**TASK DATA**
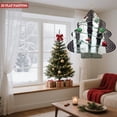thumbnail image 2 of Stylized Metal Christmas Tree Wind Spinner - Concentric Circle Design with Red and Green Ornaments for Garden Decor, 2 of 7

--

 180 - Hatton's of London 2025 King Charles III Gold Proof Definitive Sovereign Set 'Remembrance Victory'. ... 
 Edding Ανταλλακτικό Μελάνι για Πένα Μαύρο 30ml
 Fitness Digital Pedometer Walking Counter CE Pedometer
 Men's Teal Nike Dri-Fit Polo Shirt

---

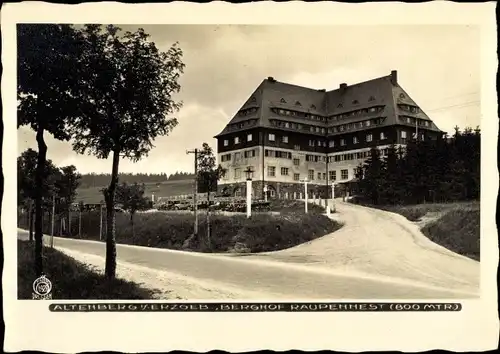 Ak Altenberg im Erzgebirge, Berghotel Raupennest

**TASK BRIEF**
Beginning at the line above with "Fitness Digital Pedometer" and finishing at the line with "Men's Teal Nike Dri-Fit Polo Shirt", return each line exactly and return nothing else.

**TASK RESPONSE**
 Fitness Digital Pedometer Walking Counter CE Pedometer
 Men's Teal Nike Dri-Fit Polo Shirt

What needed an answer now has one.